## What needs to be done:
Starting at the line that contains "Ragi Mixture" in the listing below, write out every line word for word until you have written the line that contains "Pandativ Din Aur Proba 750* 1,09 gr".

── Source records

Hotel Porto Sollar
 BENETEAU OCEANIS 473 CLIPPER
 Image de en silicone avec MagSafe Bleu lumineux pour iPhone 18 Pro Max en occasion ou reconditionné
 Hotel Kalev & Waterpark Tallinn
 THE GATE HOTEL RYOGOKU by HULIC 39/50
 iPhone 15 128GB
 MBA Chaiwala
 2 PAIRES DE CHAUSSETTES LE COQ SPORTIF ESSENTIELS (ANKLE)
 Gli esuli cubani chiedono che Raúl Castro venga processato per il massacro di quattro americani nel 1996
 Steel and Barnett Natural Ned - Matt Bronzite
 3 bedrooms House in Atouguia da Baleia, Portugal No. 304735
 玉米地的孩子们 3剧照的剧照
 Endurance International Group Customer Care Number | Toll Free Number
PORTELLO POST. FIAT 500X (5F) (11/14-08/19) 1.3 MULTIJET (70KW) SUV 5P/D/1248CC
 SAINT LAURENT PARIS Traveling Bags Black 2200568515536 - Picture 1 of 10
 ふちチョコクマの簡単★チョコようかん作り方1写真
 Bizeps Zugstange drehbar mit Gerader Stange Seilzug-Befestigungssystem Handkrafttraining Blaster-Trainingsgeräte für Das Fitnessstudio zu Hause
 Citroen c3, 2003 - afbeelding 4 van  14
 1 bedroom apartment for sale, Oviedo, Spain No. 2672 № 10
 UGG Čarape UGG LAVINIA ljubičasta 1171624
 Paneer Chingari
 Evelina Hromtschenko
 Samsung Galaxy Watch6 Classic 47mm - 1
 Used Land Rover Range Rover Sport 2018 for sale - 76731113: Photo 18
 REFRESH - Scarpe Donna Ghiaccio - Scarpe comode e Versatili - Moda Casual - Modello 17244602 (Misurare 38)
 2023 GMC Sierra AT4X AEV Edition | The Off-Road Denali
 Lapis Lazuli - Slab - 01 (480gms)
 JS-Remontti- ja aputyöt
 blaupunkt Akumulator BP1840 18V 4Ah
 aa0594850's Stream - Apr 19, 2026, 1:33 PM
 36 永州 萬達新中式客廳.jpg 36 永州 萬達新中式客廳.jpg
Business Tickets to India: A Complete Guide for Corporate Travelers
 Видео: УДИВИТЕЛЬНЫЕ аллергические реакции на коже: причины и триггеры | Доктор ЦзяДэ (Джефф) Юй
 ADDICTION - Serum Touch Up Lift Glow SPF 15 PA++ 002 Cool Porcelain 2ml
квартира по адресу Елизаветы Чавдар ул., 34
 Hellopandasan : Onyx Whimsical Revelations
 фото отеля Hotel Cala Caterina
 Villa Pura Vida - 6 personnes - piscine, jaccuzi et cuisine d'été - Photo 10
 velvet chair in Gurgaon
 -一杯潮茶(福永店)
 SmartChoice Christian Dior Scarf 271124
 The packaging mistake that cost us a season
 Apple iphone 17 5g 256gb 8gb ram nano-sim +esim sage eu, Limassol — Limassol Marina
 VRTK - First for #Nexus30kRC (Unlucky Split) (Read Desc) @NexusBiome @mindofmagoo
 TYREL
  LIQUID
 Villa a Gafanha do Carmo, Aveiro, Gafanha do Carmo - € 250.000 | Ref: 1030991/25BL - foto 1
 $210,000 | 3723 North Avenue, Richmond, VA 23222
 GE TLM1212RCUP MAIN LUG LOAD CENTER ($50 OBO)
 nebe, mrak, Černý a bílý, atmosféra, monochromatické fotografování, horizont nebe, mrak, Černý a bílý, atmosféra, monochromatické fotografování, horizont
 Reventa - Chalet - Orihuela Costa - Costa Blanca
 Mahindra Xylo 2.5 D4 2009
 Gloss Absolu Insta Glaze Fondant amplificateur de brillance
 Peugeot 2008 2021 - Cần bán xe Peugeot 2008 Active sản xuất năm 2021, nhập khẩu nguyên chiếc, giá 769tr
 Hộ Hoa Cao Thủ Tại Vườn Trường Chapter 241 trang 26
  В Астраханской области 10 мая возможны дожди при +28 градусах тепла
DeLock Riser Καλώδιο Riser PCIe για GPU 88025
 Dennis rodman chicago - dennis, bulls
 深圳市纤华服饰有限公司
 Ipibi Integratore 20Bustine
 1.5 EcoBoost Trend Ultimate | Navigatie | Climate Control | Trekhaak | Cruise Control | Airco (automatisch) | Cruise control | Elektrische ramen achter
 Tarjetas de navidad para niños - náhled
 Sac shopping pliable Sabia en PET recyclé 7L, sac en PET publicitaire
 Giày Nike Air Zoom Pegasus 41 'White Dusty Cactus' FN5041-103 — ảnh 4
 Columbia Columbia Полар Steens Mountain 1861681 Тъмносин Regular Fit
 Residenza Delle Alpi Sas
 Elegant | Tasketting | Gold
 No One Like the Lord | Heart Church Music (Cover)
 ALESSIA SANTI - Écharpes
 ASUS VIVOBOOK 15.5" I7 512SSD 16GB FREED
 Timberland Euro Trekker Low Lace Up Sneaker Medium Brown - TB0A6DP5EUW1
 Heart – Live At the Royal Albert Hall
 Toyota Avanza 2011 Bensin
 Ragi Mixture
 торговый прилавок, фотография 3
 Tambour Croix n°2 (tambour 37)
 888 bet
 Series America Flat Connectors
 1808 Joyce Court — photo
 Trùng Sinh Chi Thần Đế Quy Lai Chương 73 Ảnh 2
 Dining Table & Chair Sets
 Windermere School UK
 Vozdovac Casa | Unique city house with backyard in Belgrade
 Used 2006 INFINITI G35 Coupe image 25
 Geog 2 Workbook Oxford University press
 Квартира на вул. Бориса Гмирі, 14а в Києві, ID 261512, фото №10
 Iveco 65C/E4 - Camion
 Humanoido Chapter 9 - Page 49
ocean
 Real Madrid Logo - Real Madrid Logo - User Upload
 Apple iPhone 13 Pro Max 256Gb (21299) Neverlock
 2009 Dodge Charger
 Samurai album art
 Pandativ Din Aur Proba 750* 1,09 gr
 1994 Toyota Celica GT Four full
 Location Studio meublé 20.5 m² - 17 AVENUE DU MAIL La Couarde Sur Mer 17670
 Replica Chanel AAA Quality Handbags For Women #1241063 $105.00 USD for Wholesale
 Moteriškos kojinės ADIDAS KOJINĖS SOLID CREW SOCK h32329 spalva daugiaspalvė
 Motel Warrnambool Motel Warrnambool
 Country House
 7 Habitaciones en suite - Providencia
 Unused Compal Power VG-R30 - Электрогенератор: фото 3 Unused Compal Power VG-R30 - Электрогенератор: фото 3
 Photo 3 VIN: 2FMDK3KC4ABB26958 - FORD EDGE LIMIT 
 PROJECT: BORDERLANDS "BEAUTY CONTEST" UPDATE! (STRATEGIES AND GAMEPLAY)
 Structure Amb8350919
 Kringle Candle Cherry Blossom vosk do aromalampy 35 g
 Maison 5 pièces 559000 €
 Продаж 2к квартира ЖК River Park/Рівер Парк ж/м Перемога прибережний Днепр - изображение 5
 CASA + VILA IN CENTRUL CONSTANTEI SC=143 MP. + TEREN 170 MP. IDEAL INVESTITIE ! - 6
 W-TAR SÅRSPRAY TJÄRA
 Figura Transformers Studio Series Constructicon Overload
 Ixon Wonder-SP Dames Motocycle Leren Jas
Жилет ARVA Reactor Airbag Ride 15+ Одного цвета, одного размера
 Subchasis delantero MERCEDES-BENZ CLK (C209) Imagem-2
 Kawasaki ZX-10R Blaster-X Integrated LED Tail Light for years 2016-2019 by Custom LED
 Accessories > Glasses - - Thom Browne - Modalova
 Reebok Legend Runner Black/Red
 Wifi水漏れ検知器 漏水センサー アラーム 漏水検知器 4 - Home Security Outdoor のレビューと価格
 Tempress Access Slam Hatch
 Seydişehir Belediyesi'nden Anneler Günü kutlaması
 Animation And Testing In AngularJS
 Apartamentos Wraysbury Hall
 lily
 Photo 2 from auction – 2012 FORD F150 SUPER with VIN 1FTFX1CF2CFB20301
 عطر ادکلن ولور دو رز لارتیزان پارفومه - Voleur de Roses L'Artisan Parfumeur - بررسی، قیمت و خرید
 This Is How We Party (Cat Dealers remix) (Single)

────

## Exercise answer:
 Ragi Mixture
 торговый прилавок, фотография 3
 Tambour Croix n°2 (tambour 37)
 888 bet
 Series America Flat Connectors
 1808 Joyce Court — photo
 Trùng Sinh Chi Thần Đế Quy Lai Chương 73 Ảnh 2
 Dining Table & Chair Sets
 Windermere School UK
 Vozdovac Casa | Unique city house with backyard in Belgrade
 Used 2006 INFINITI G35 Coupe image 25
 Geog 2 Workbook Oxford University press
 Квартира на вул. Бориса Гмирі, 14а в Києві, ID 261512, фото №10
 Iveco 65C/E4 - Camion
 Humanoido Chapter 9 - Page 49
ocean
 Real Madrid Logo - Real Madrid Logo - User Upload
 Apple iPhone 13 Pro Max 256Gb (21299) Neverlock
 2009 Dodge Charger
 Samurai album art
 Pandativ Din Aur Proba 750* 1,09 gr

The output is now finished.